Solve both equation to get l and b

**If the length of the rectangle is increased by 20%, by what percent should the width be reduced to maintain the same area?**

a) 13.37

b) 16.67

c) 21.33

d) 33.33

e) None of these

###### Answer & Explanation

Answer –**b) 16.67**

**Explanation :**

let length = 100 and breadth = 100

now new length = 120 and let breadth = b

so, 100*100 = 120*b

b = 250/3, so % decrease = 100 – 250/3 = 50/3 = 16.67%

**A cone whose height is half of its radius is melted to from a hemi-sphere. Find the ratio of the radius of the hemi-sphere to that of cone.**

a) 1:3

b) 4:1

c) 1:4

d) 1:2

###### Answer & Explanation

Answer –**c)1:4**

**Explanation :**

volume will remains constant. So,

V = 1/3*22/7*r^2*r/2 (volume of cone) and V = 2/3*22/7*R^3 (volume of hemi-sphere)

So, R/r = 1:4

**Find the number of spherical balls of radius 1 cm that can be made from a cylinder of height 8 cm and diameter 14 cm?**

a) 284

b) 294

c) 304

d) 314

###### Answer & Explanation

Answer –**b) 294**

**Explanation :**

(22/7)*7*7*8 = x*(4/3)*(22/7)*1^3 (x = number of spherical balls)

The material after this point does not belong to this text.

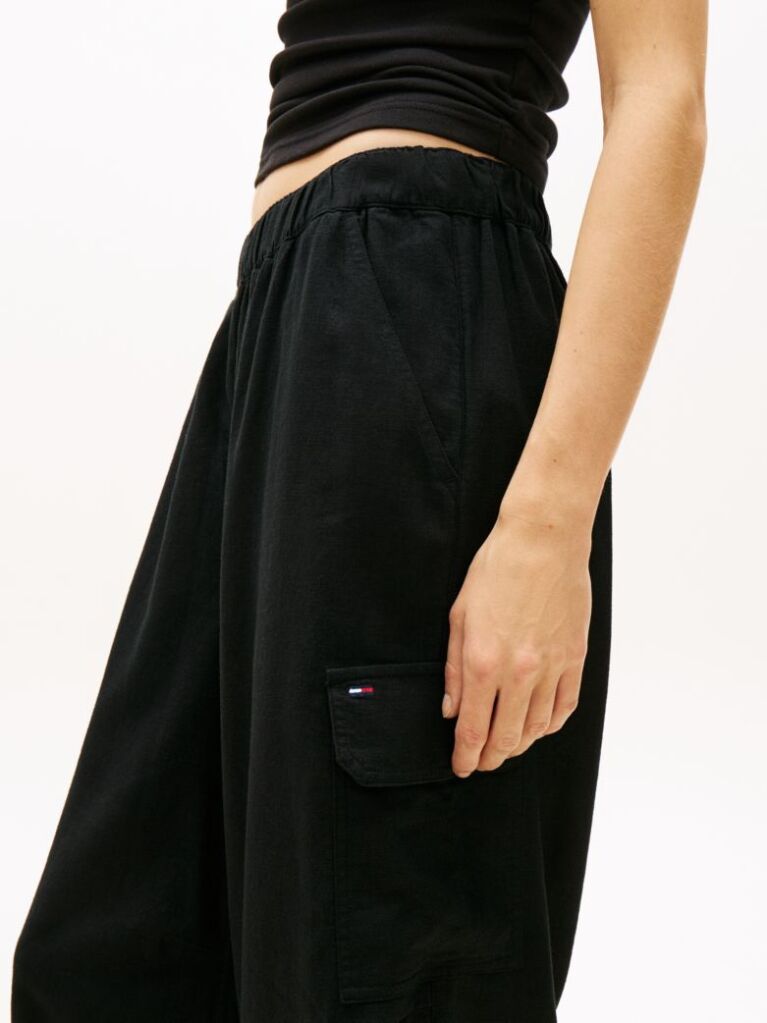 Black Linen Blend Wide Leg Cargo Trousers  Women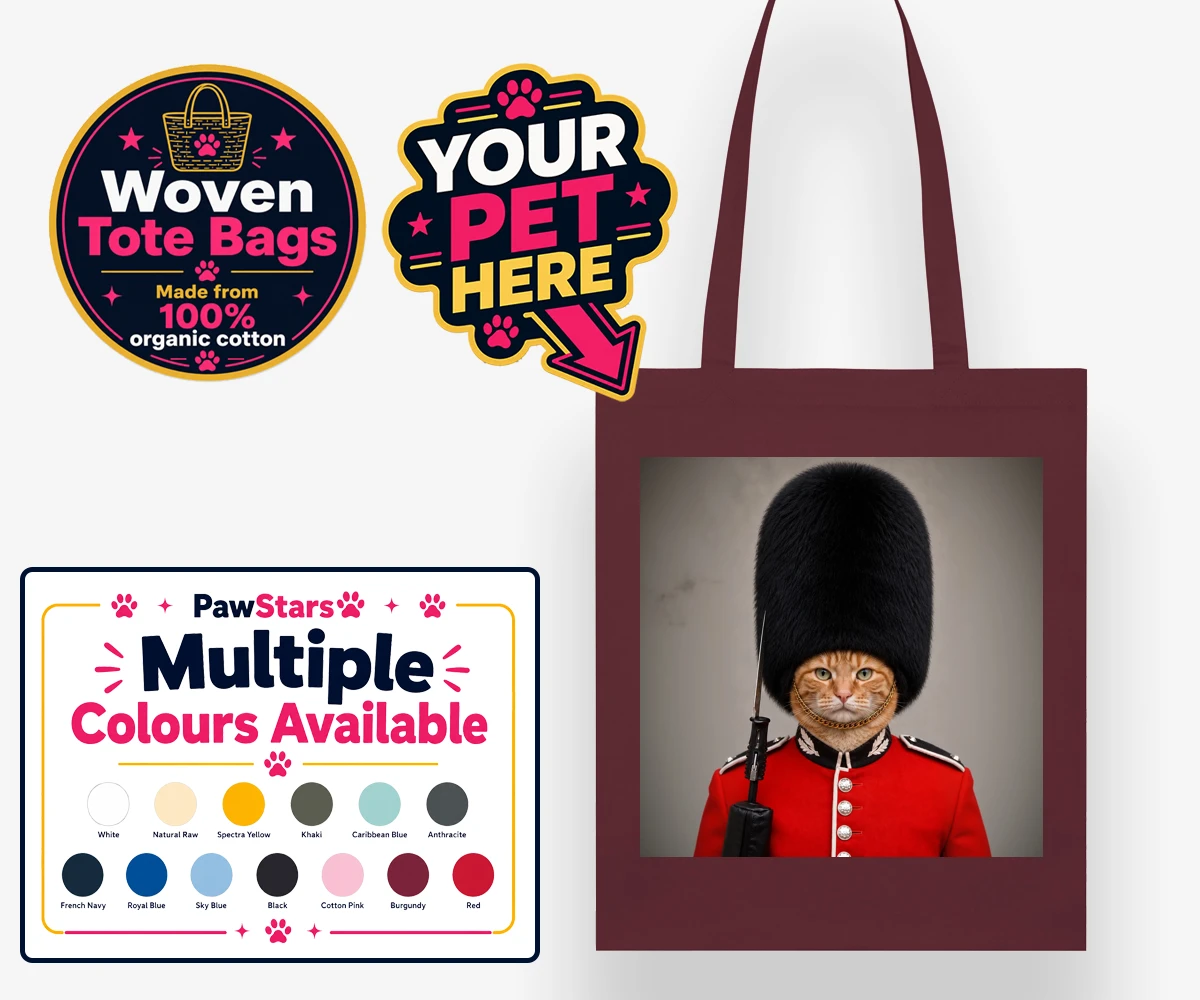 Personalised The Palace Paw Guard cat woven tote bags featuring a delightfully dapper feline ready to rule any household with regal ch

**A rectangle whose sides are in the ratio 6:5 is formed by bending a circular wire of radius 21cm. Find the difference between the length and breadth of the rectangle?**

a) 6cm

b) 8cm

c) 10cm

d) 12cm

###### Answer & Explanation

Answer –**a) 6cm**

**Explanation :**

circumference of the wire = 2*(22/7)*21 = 22*6

perimeter of rectangle = 2*11x = 22*6, so x= 6

difference = 36 -30 = 6cm

**A right circular cone is exactly fitted inside a cube in such a way that the edges of the base of the cone are touching the edges of one face of the cube and the vertex is on the opposite face of the cube. If the volume of the cube is 512 cubic cm. find the approximate volume of the cone?**

a) 104 cubic cm

b) 124 cubic cm

c) 134 cubic cm

d) 144 cubic cm

###### Answer & Explanation

Answer –**c) 134 cubic cm**

**Explanation :**

when cone is completely fitted inside the cube, then diameter of cone = side of cube and height of cone = height of cube

so, volume = (1/3)*(22/7)*4*4*8 = 134 (approx)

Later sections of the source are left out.